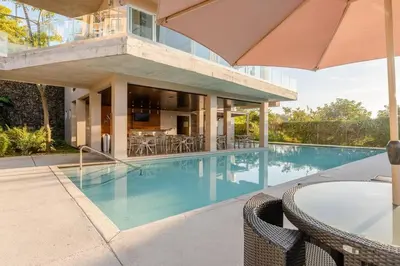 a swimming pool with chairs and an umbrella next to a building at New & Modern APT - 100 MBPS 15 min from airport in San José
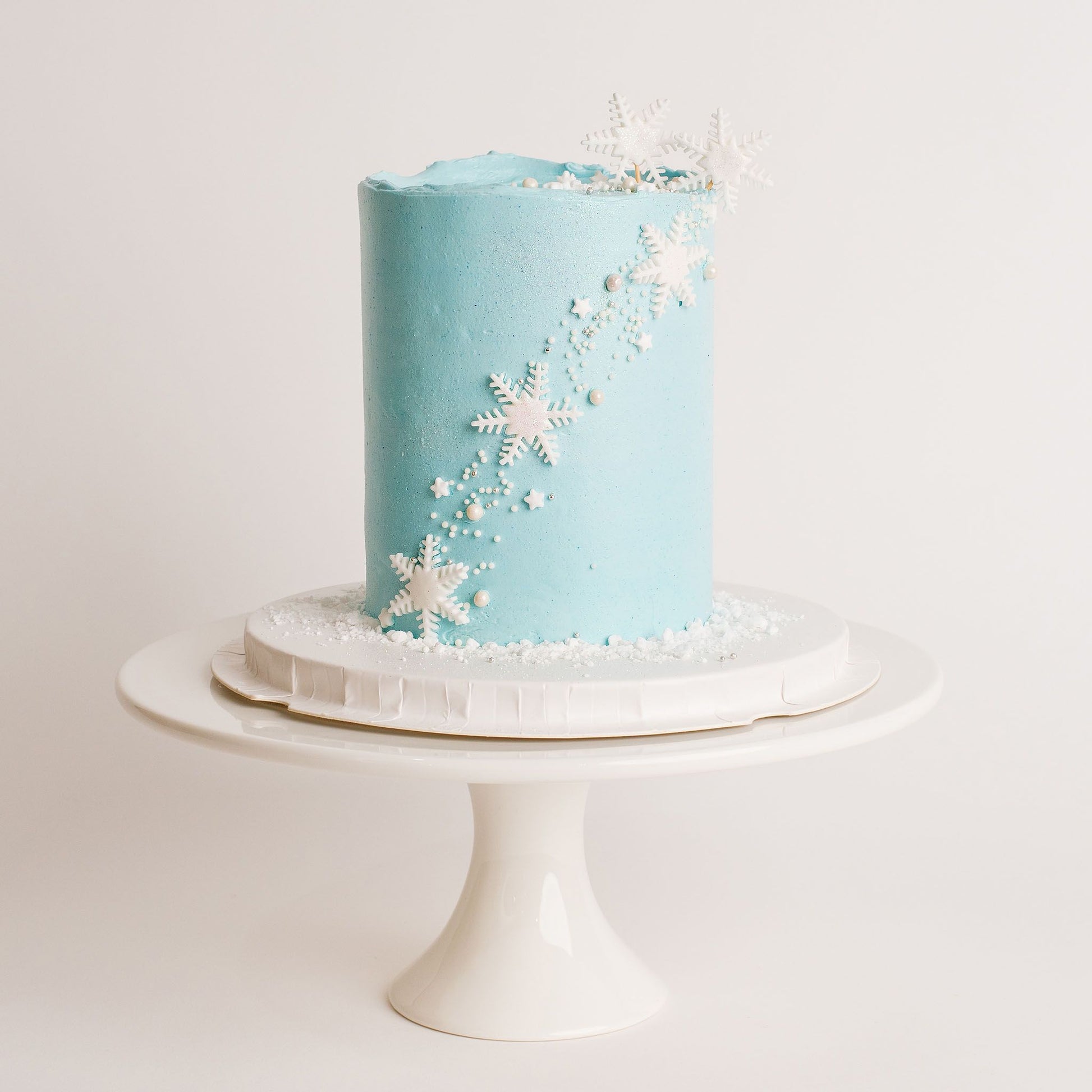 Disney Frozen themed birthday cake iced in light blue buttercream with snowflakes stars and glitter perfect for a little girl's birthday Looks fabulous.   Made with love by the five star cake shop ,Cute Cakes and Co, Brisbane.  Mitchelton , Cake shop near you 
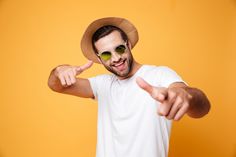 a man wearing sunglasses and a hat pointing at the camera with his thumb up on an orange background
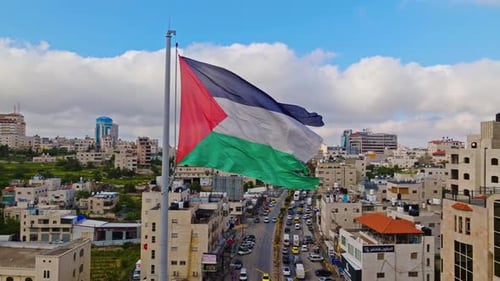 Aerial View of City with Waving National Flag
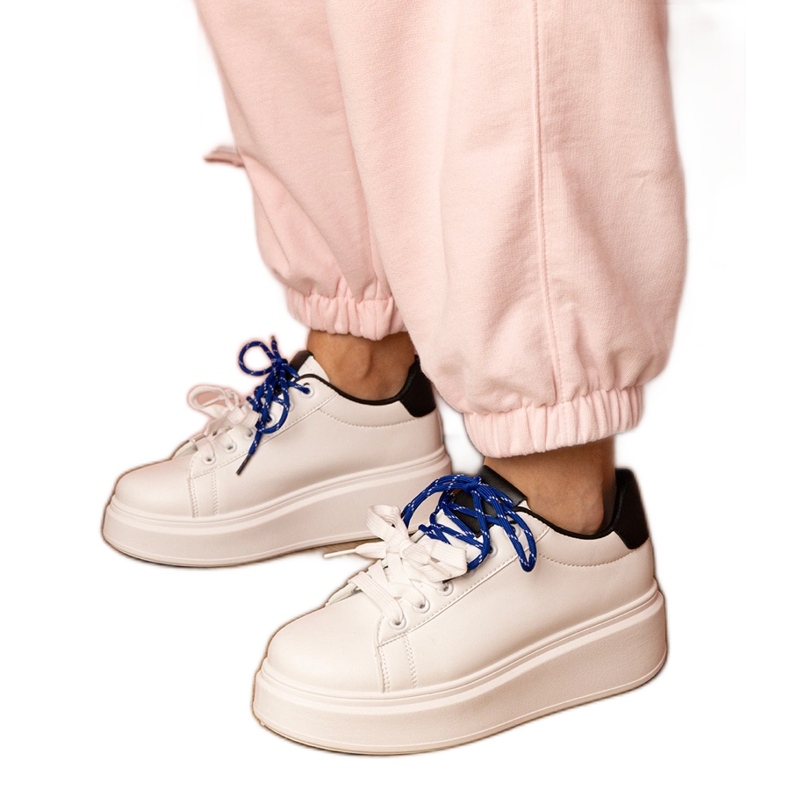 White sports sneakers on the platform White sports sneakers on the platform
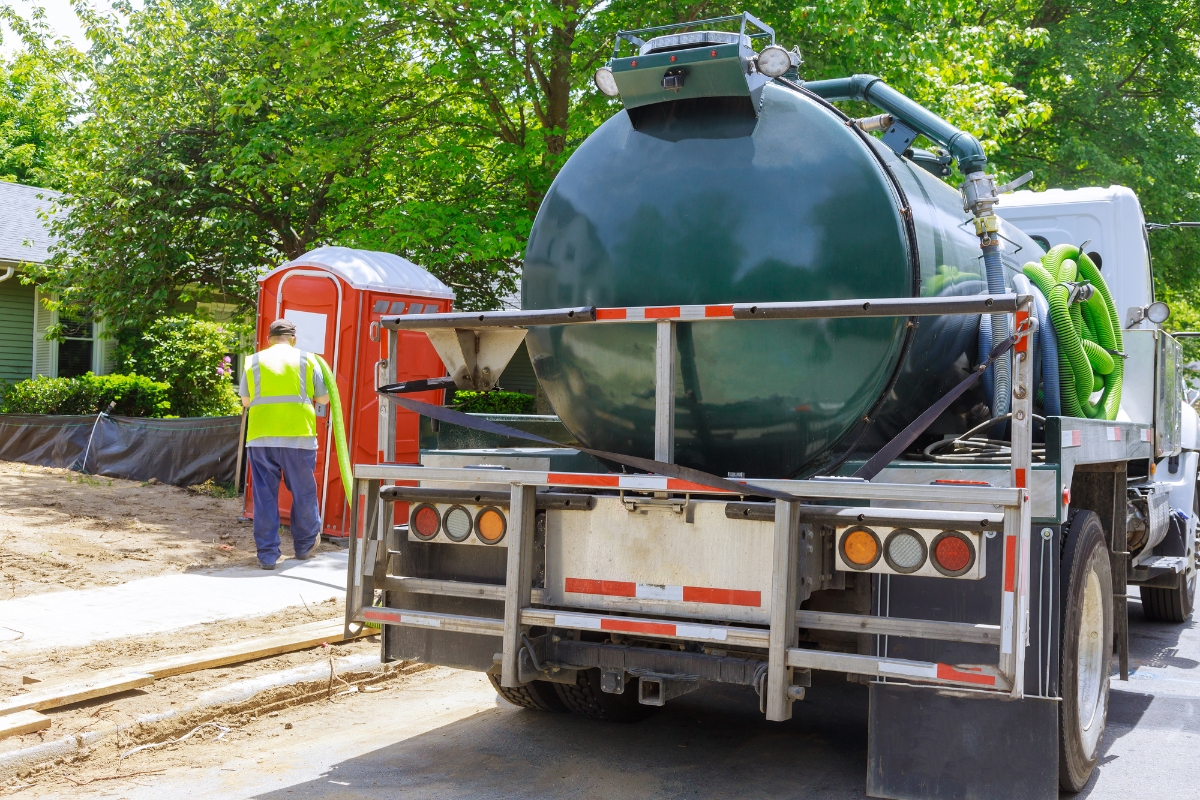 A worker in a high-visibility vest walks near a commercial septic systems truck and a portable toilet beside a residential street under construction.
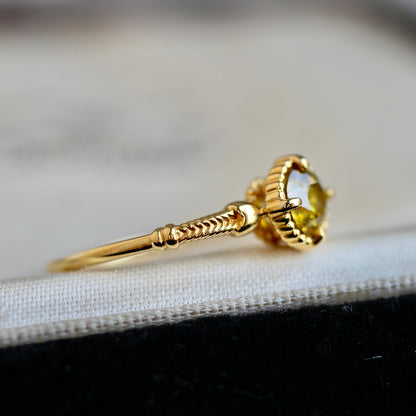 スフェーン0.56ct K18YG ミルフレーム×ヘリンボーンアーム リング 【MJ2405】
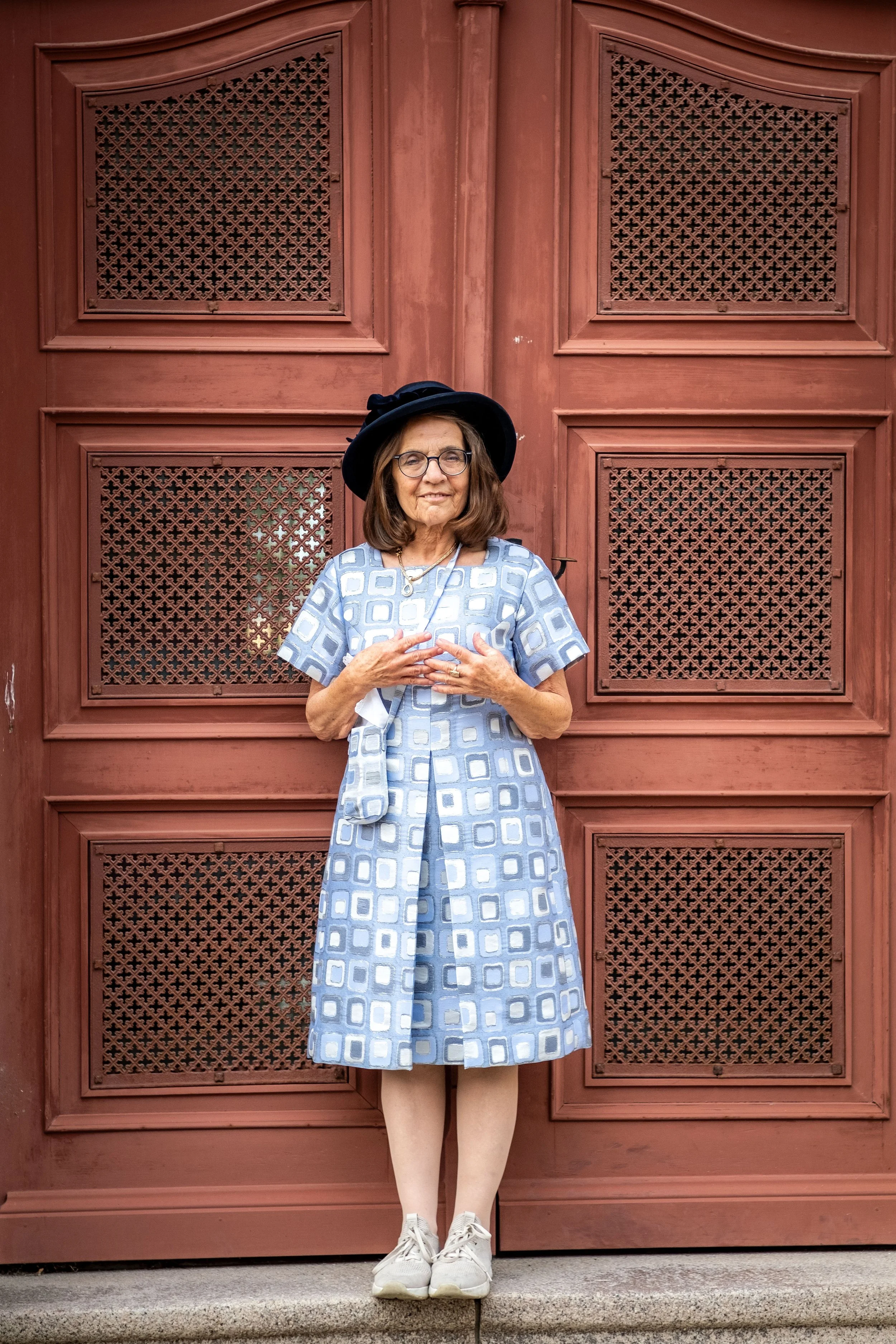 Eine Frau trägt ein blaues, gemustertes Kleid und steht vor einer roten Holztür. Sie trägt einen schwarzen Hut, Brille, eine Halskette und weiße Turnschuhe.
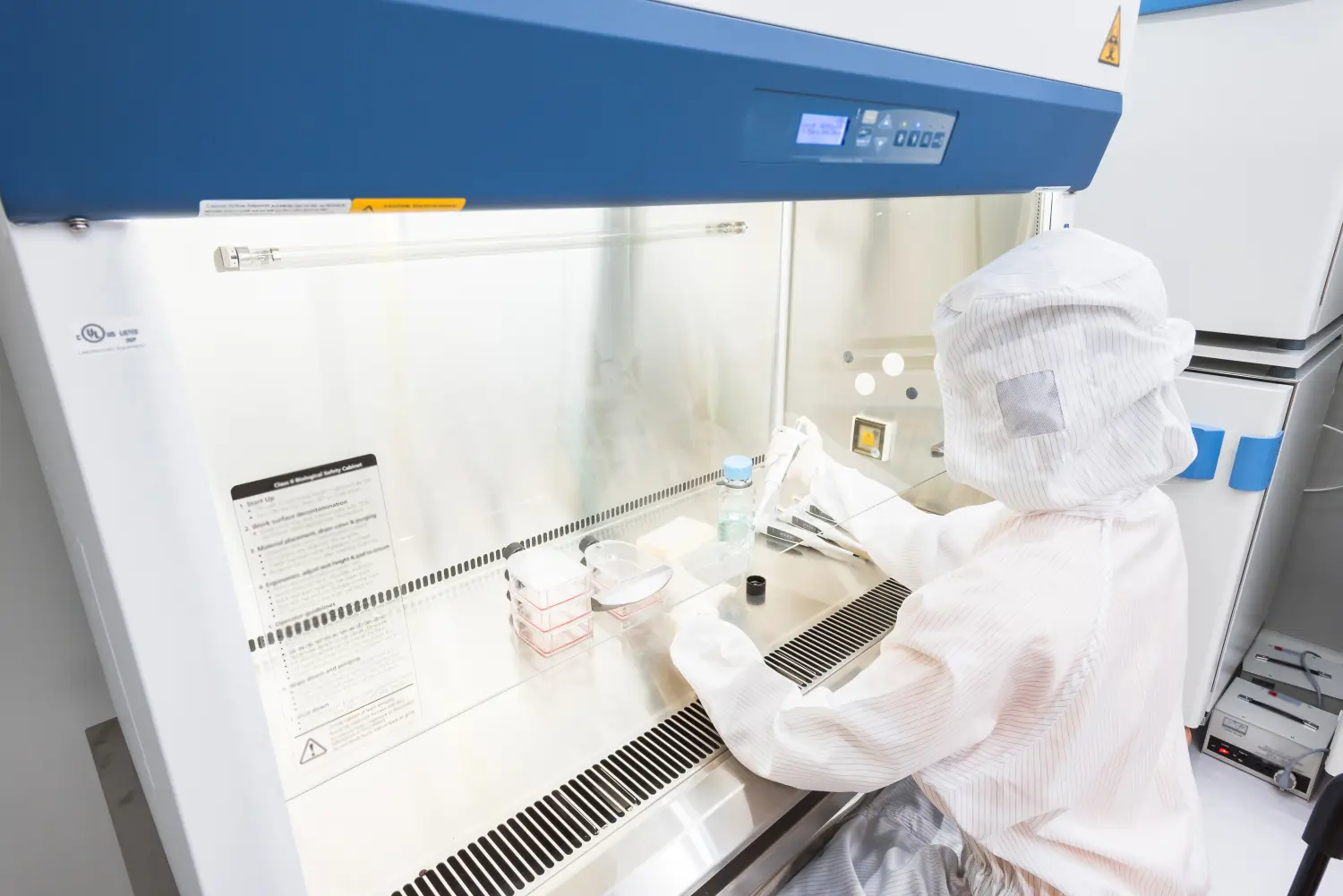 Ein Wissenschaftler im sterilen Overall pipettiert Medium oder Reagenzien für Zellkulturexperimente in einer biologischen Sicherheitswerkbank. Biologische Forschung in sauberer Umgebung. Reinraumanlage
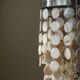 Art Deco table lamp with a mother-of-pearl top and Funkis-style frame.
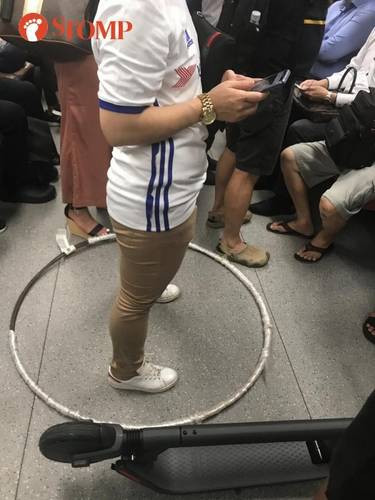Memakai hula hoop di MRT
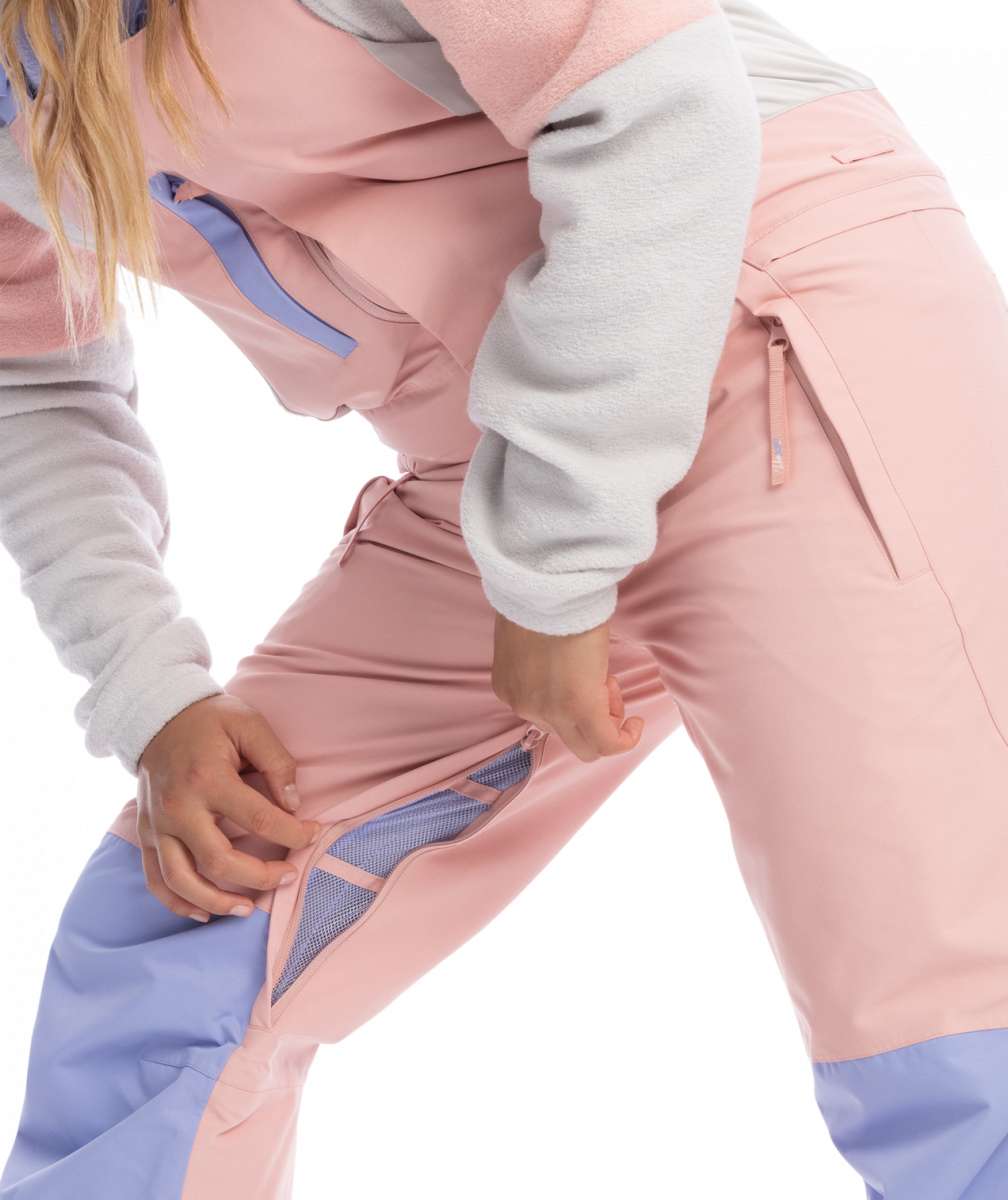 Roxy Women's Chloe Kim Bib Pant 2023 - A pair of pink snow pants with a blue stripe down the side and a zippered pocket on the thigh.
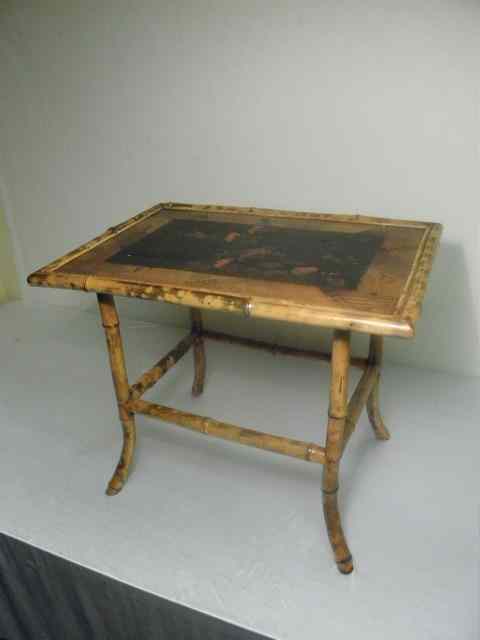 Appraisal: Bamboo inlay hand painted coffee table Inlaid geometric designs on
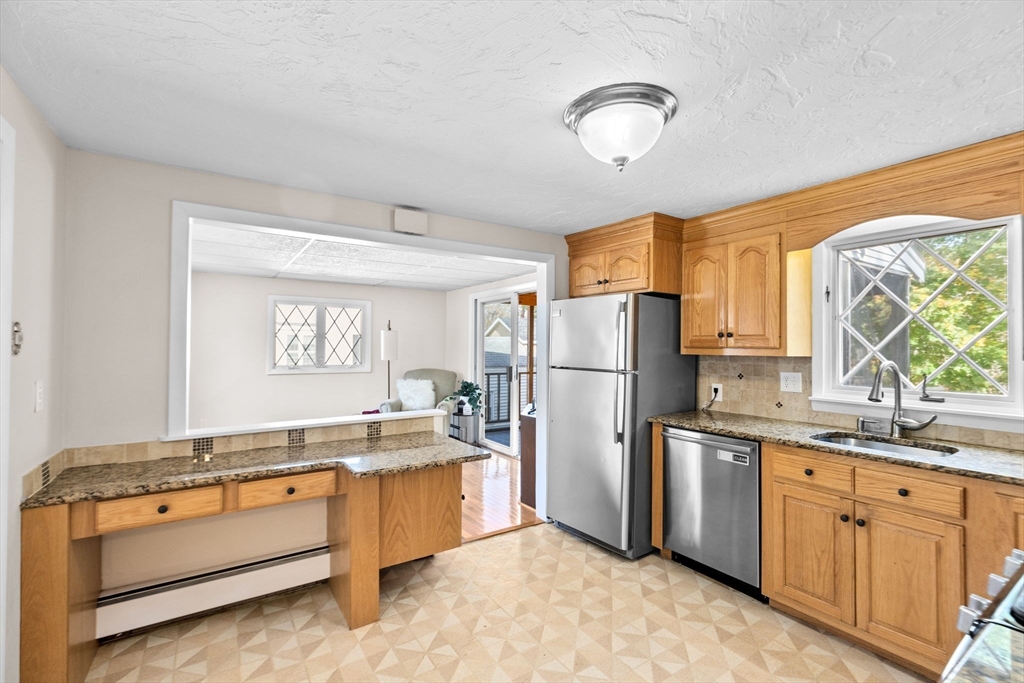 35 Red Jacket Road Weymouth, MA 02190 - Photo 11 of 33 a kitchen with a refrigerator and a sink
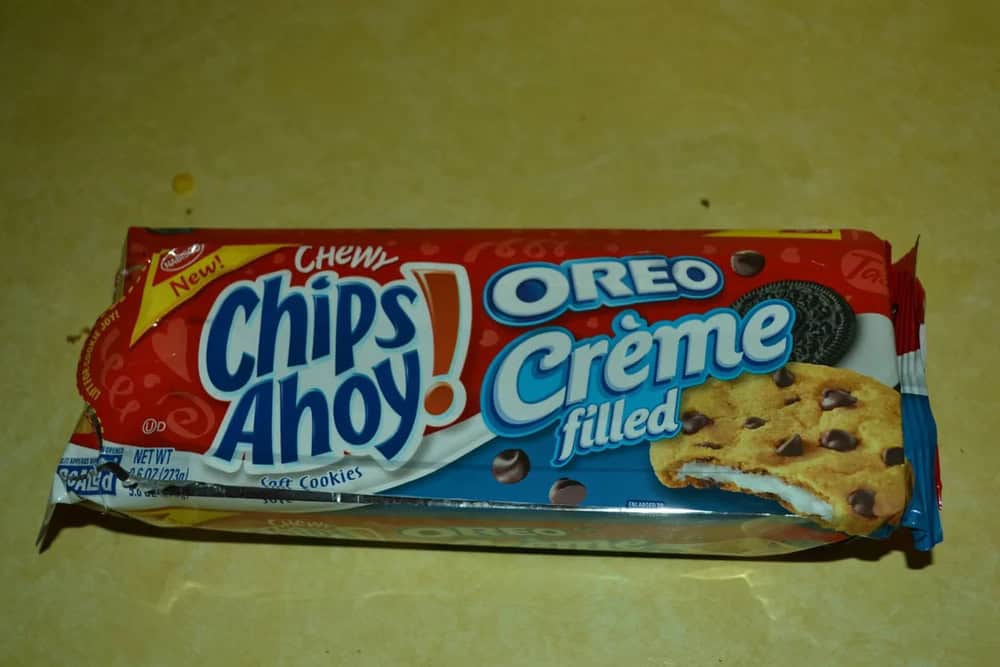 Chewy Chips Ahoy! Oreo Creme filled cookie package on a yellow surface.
= = = = =
[Required action]
Could you write out exactly the lines from the line containing "Eine Frau trägt" to the end of the material, and nothing else? No pictures belong in the copy.

[Answer]
 Eine Frau trägt ein blaues, gemustertes Kleid und steht vor einer roten Holztür. Sie trägt einen schwarzen Hut, Brille, eine Halskette und weiße Turnschuhe.
 Ein Wissenschaftler im sterilen Overall pipettiert Medium oder Reagenzien für Zellkulturexperimente in einer biologischen Sicherheitswerkbank. Biologische Forschung in sauberer Umgebung. Reinraumanlage
 Art Deco table lamp with a mother-of-pearl top and Funkis-style frame.
Memakai hula hoop di MRT
 Roxy Women's Chloe Kim Bib Pant 2023 - A pair of pink snow pants with a blue stripe down the side and a zippered pocket on the thigh.
 Appraisal: Bamboo inlay hand painted coffee table Inlaid geometric designs on
 35 Red Jacket Road Weymouth, MA 02190 - Photo 11 of 33 a kitchen with a refrigerator and a sink
 Chewy Chips Ahoy! Oreo Creme filled cookie package on a yellow surface.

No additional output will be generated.